Dominion also expressed support for portions of the proposal, but it argued that the revisions don’t fully address the “under-allocation of congestion revenues” for load and an inability of certain load-serving entities to “come close to covering their congestion costs.” Dominion said PJM’s filing “does little” to address “disparate outcomes” under the current ARR/FTR construct that “persistently creates results where the congestion cost recovery by LSEs varies greatly.”
The Monitor alleged that PJM’s filing “perpetuates or worsens fundamental flaws in the existing PJM FTR/ARR market,” saying the current market design “consistently failed to return the congestion revenues to the load that paid it.”
It also argued that the total congestion offset paid to load is “inequitable and varies by zone,” with some zones receiving more in offsets than the total congestion payments and other zones receiving less in offset. The offsets “are a function of the assignment of ARRs and the valuation of ARRs in the FTR auctions” and that the expansion or modification of the path-based rights available to load and the market will “simply change the arbitrary allocation of congestion among ARR holders and participants in the FTR market and will not correct the arbitrary allocation of congestion.”
FERC Determination
The commission said it determined the ARR market construct were just and reasonable and that the expansion of the source/sink combinations of the ARR allocation process “provides load the first rights to the transmission system before FTR holders can purchase such rights and, therefore, increases the network capacity allocated to load.”
“While not the sole purpose, one of the purposes of the FTR/ARR market is to return congestion charges to load, and this proposed change is consistent with that purpose,” FERC said.
FERC said the proposal’s call to replace zonal base load “protects zonal native load hedging ability by increasing up-front capability to load.” The commission said PJM’s selection of the 60% standard was a “reasonable limit at which additional value could be guaranteed” without significantly increasing violations or producing additional transmission constraints.
It also said that “PJM’s proposal to not award FTR options with a market-clearing price of less than $1 mitigates risk-free profit by ensuring all FTR options that clear have, at least at the time they were bid and awarded, actual value,” the commission said. “We also find that PJM’s proposal to create new FTR class types provides more flexible hedging opportunities.”
The commission said it disagreed with the challenges to how congestion surplus is allocated and the “fundamental nature” of a path-based FTR/ARR construct. It said the protests citing concerns regarding provisions of the existing FTR/ARR market construct were outside the scope of the proceeding.

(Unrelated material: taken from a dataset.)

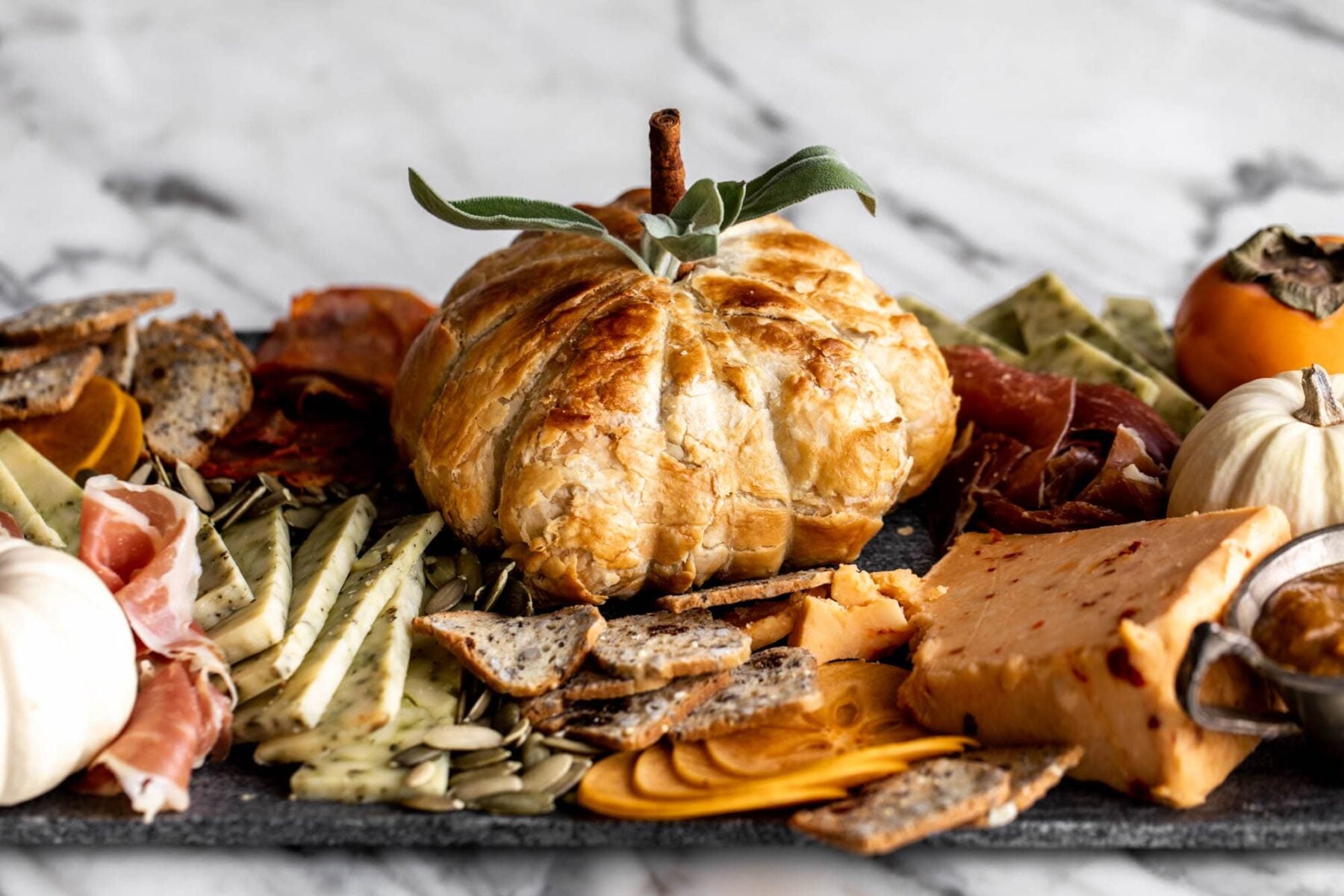 Baked brie pumpkin with spiced maple pumpkin butter.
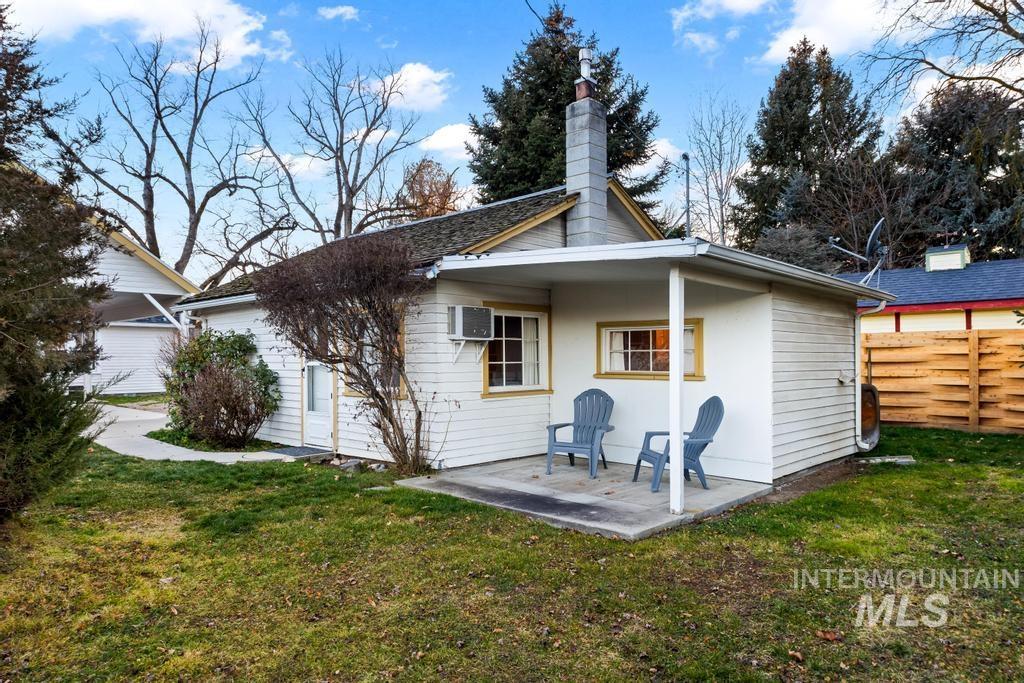 Back of house featuring a chimney, a wall mounted air conditioner, and a patio area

FERC also disagreed with the Monitor’s argument that the revisions in the proposal do not return “sufficient” congestion revenue to load, saying it rejected the “foundational argument” that the “sole purpose of FTRs is to return congestion revenue to load and the market should therefore be redesigned to accomplish that purpose.”
“PJM’s proposal is not rendered unjust and unreasonable simply because the IMM thinks a further allocation to load would be desirable,” FERC said. “Consistent with commission precedent, we reiterate that ‘the purpose of FTRs to serve as a congestion hedge has been well established.’ FTRs were designed to serve as the financial equivalent of firm transmission service and play a key role in ensuring open access to firm transmission service by providing a congestion-hedging function.”